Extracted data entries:
........

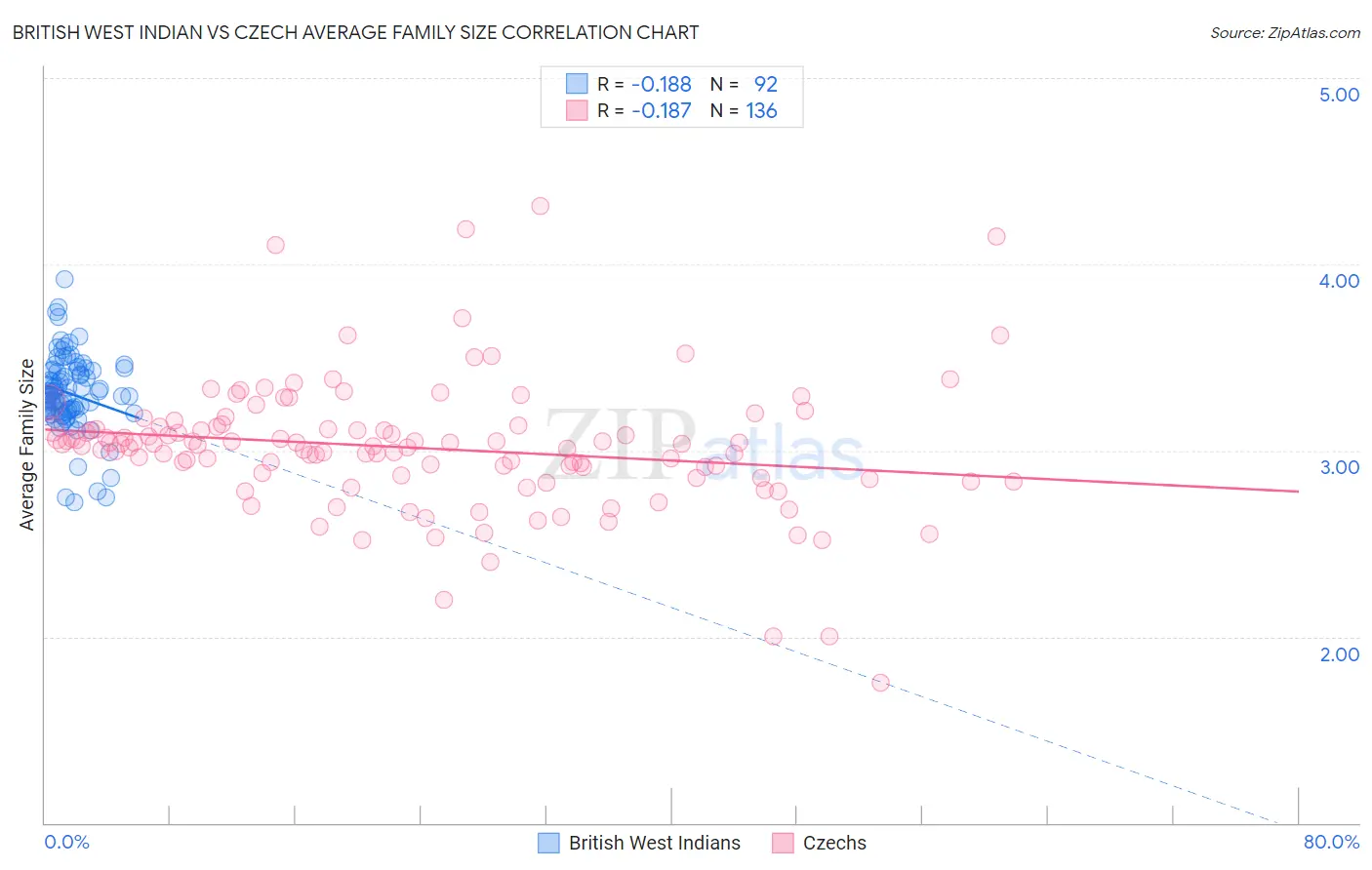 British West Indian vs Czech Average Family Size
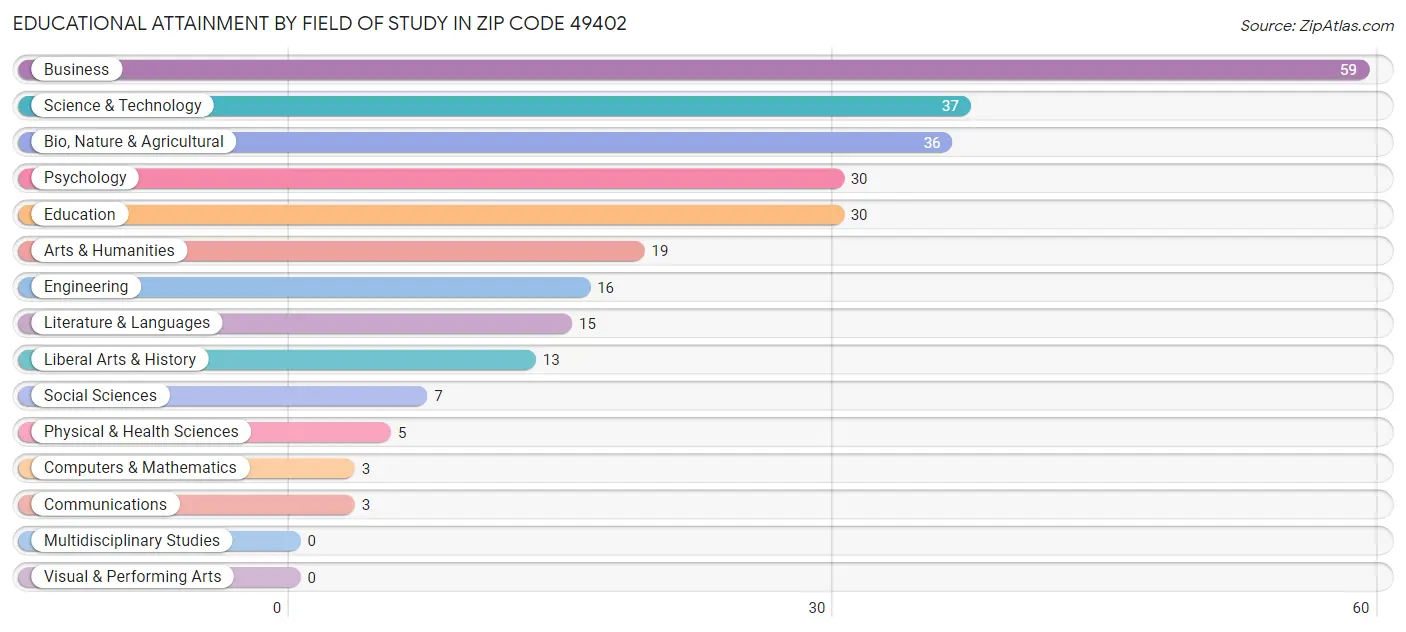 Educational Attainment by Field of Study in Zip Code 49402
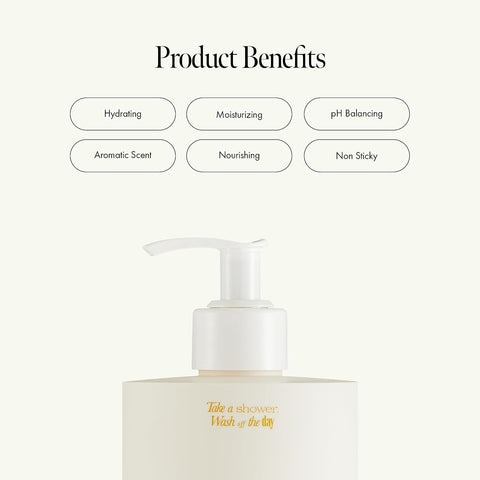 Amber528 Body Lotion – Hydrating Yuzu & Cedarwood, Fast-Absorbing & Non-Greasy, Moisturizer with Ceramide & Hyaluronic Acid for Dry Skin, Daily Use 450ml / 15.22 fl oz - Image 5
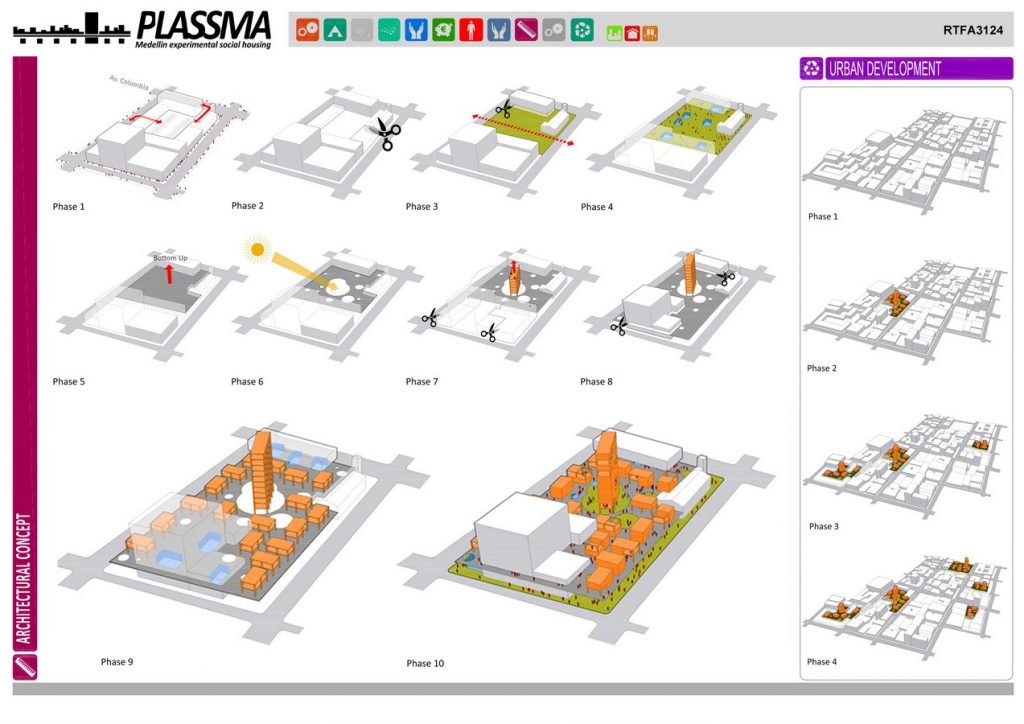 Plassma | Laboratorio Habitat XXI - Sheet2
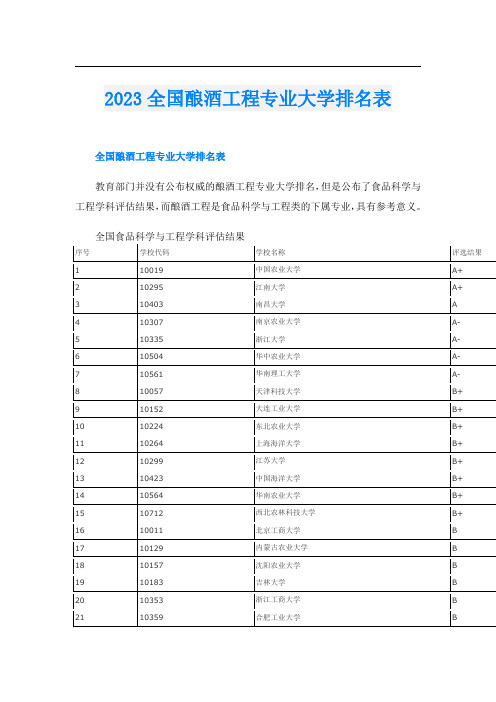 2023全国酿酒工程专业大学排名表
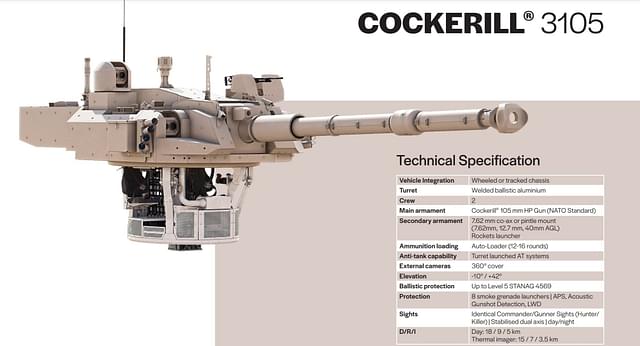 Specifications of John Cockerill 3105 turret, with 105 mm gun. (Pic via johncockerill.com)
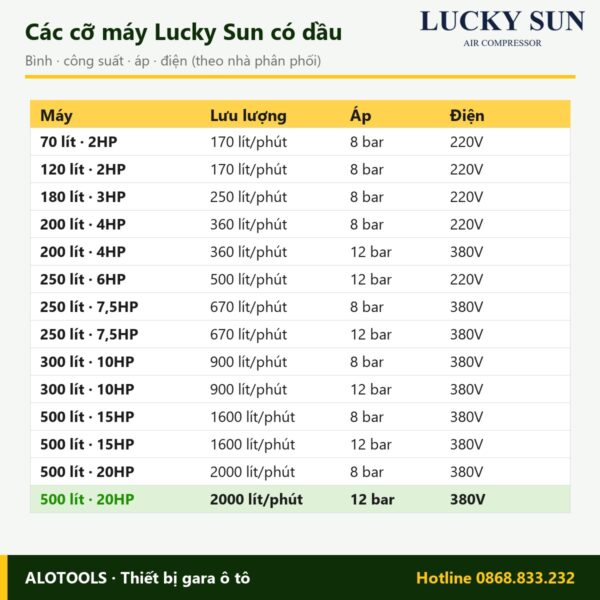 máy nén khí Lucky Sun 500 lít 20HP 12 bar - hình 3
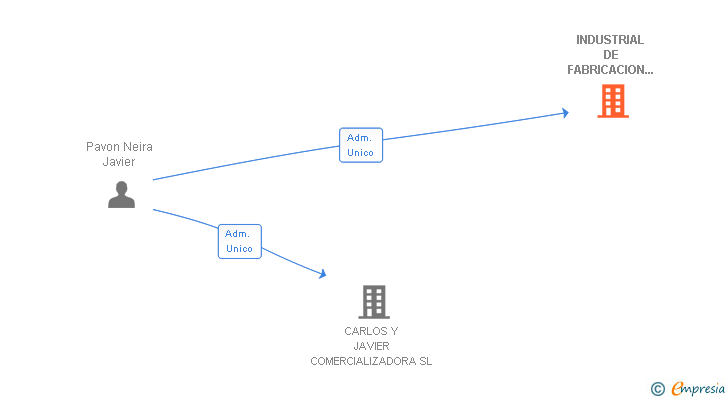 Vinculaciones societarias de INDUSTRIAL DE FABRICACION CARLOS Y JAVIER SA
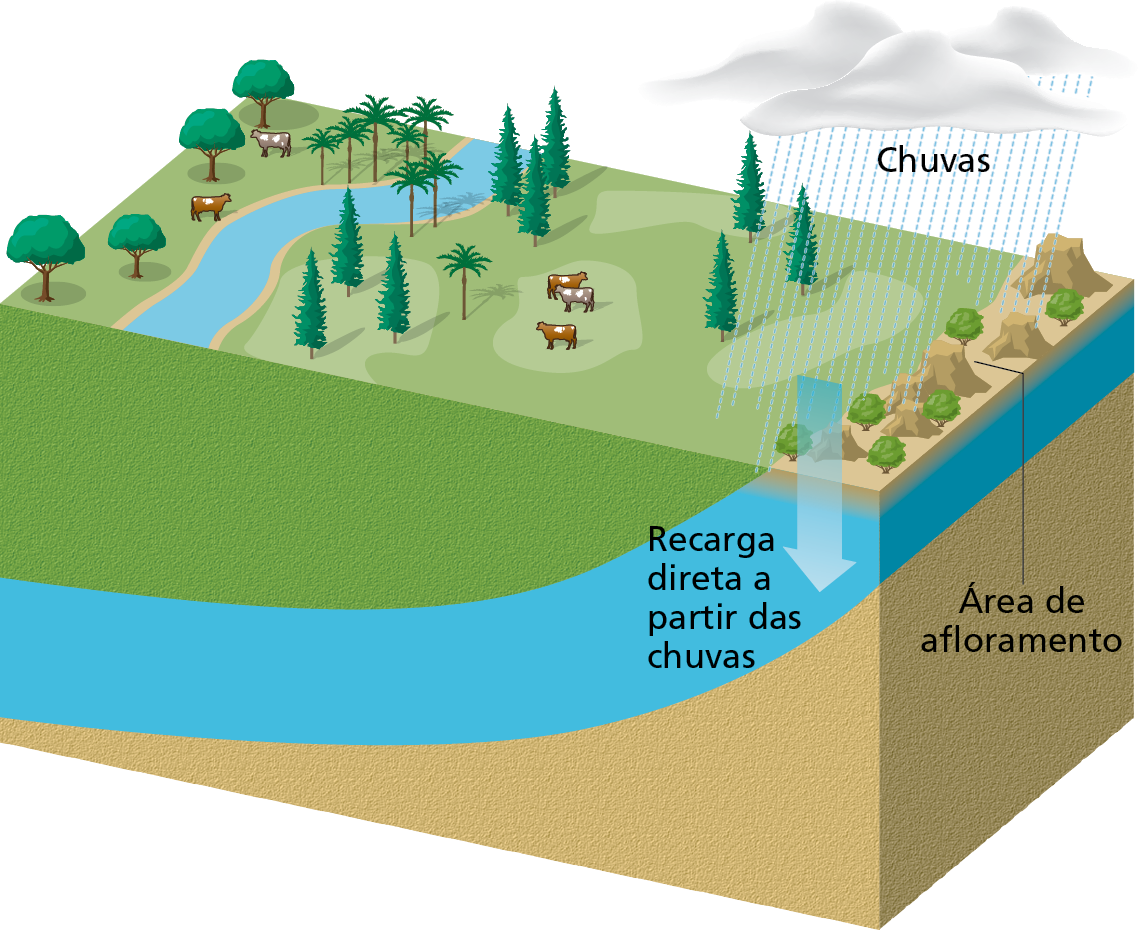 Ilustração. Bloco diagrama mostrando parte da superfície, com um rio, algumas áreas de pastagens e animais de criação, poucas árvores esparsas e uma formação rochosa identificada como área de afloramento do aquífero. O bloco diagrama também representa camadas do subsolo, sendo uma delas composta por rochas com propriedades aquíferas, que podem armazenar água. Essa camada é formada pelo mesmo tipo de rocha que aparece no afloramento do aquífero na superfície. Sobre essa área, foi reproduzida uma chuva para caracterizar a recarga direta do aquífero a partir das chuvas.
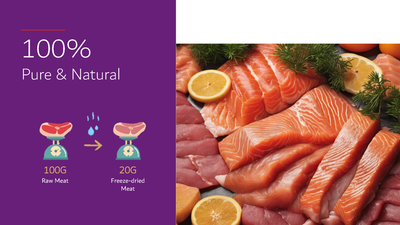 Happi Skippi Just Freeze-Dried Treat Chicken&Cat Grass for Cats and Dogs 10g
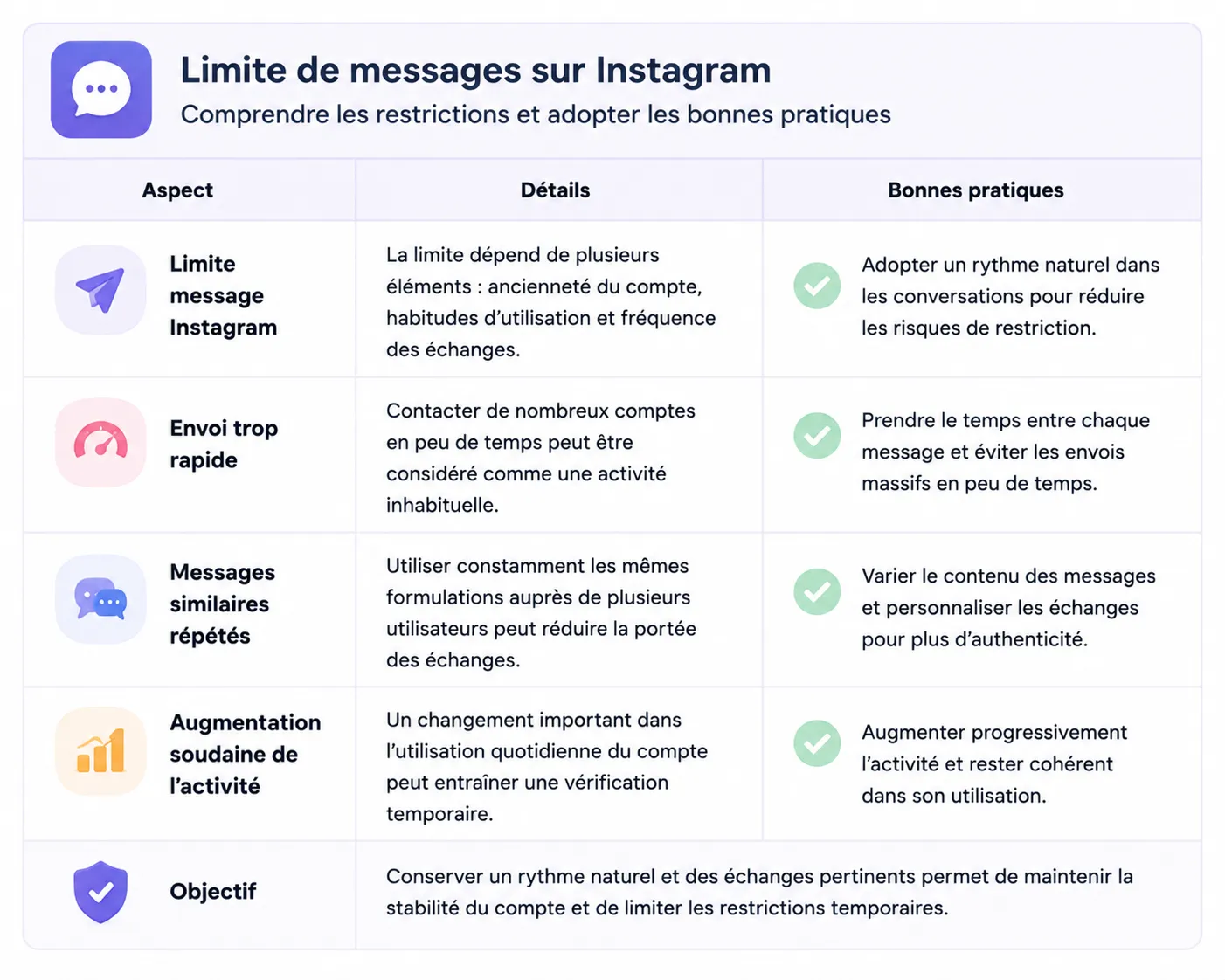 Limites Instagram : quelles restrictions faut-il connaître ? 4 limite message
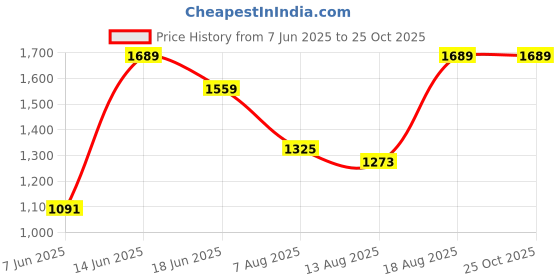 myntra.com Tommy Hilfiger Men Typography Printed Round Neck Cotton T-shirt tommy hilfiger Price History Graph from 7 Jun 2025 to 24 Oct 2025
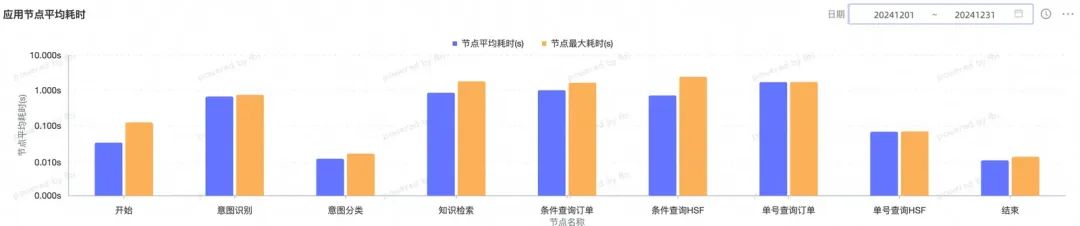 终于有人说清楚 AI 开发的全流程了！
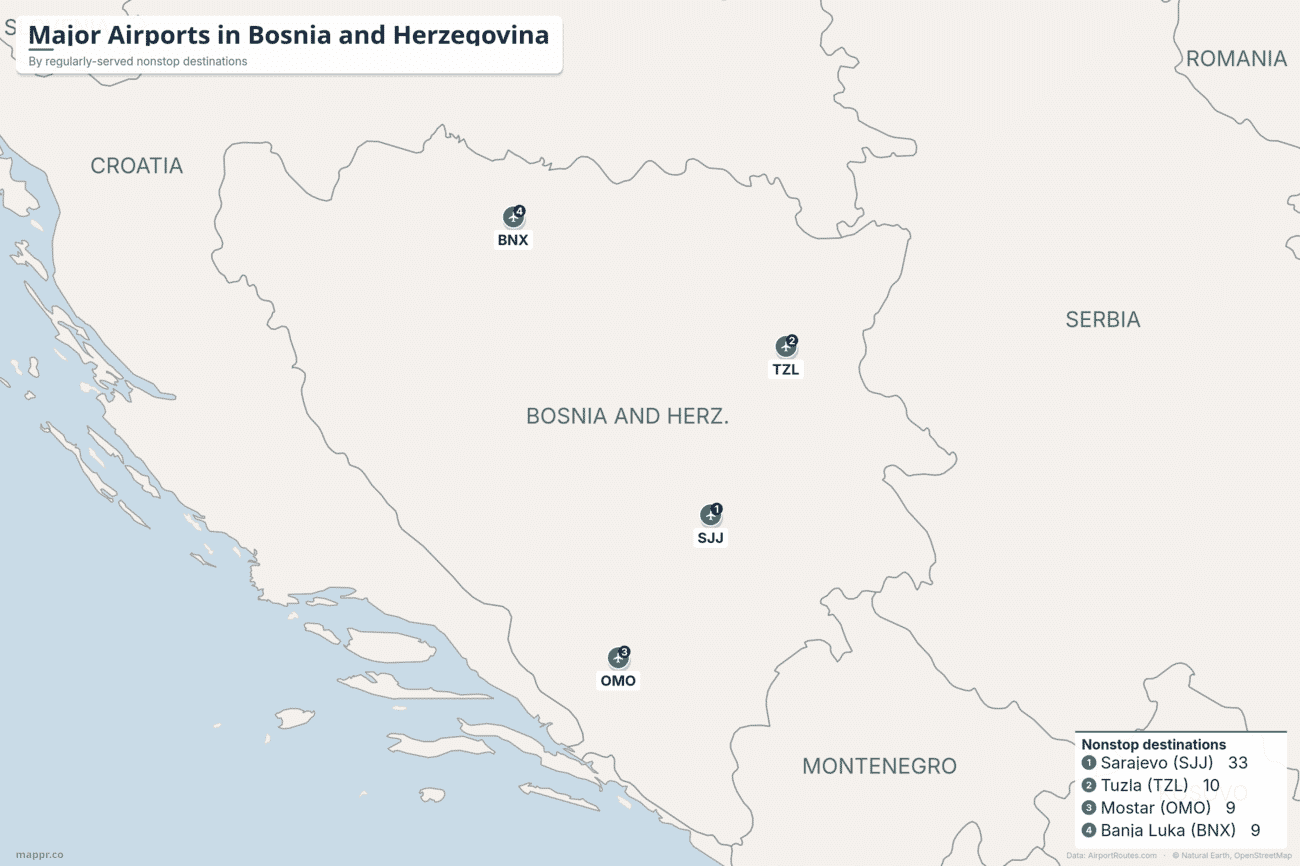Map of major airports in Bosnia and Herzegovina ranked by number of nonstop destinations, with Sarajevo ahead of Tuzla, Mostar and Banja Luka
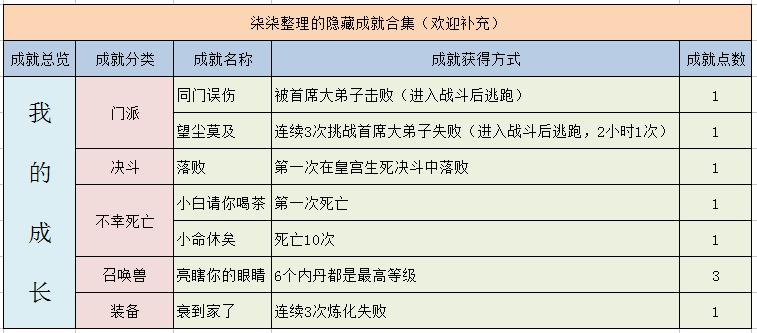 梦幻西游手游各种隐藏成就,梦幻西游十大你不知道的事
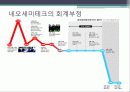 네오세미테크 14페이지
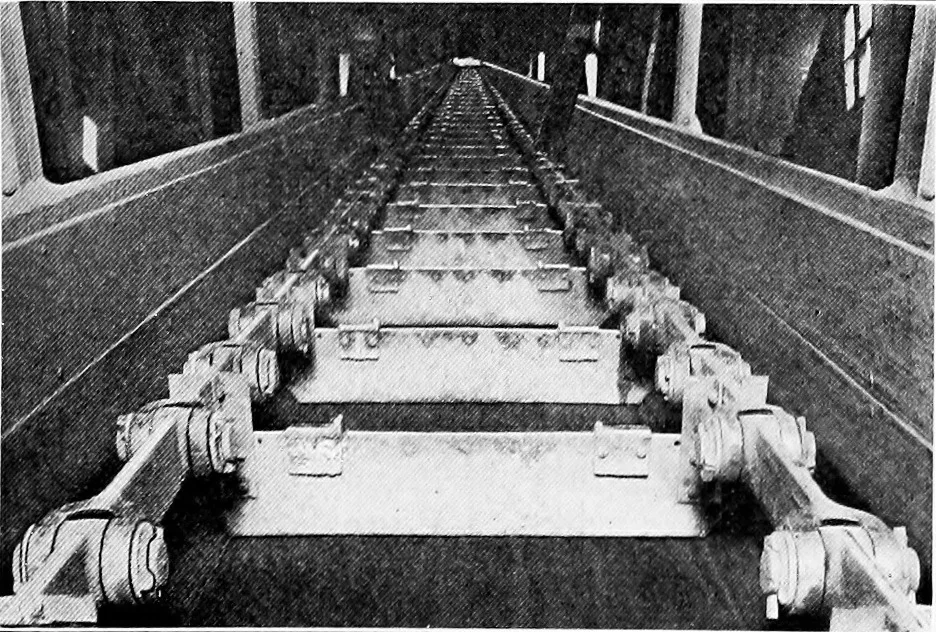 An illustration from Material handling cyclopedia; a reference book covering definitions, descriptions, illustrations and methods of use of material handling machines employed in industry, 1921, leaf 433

........

● Exercise objective
With the images left out, set down each record exactly as it appears.

● Response
 British West Indian vs Czech Average Family Size
 Educational Attainment by Field of Study in Zip Code 49402
 Amber528 Body Lotion – Hydrating Yuzu & Cedarwood, Fast-Absorbing & Non-Greasy, Moisturizer with Ceramide & Hyaluronic Acid for Dry Skin, Daily Use 450ml / 15.22 fl oz - Image 5
 Plassma | Laboratorio Habitat XXI - Sheet2
 2023全国酿酒工程专业大学排名表
 Specifications of John Cockerill 3105 turret, with 105 mm gun. (Pic via johncockerill.com)
 máy nén khí Lucky Sun 500 lít 20HP 12 bar - hình 3
 Vinculaciones societarias de INDUSTRIAL DE FABRICACION CARLOS Y JAVIER SA
 Ilustração. Bloco diagrama mostrando parte da superfície, com um rio, algumas áreas de pastagens e animais de criação, poucas árvores esparsas e uma formação rochosa identificada como área de afloramento do aquífero. O bloco diagrama também representa camadas do subsolo, sendo uma delas composta por rochas com propriedades aquíferas, que podem armazenar água. Essa camada é formada pelo mesmo tipo de rocha que aparece no afloramento do aquífero na superfície. Sobre essa área, foi reproduzida uma chuva para caracterizar a recarga direta do aquífero a partir das chuvas.
 Happi Skippi Just Freeze-Dried Treat Chicken&Cat Grass for Cats and Dogs 10g
 Limites Instagram : quelles restrictions faut-il connaître ? 4 limite message
 myntra.com Tommy Hilfiger Men Typography Printed Round Neck Cotton T-shirt tommy hilfiger Price History Graph from 7 Jun 2025 to 24 Oct 2025
 终于有人说清楚 AI 开发的全流程了！
Map of major airports in Bosnia and Herzegovina ranked by number of nonstop destinations, with Sarajevo ahead of Tuzla, Mostar and Banja Luka
 梦幻西游手游各种隐藏成就,梦幻西游十大你不知道的事
 네오세미테크 14페이지
 An illustration from Material handling cyclopedia; a reference book covering definitions, descriptions, illustrations and methods of use of material handling machines employed in industry, 1921, leaf 433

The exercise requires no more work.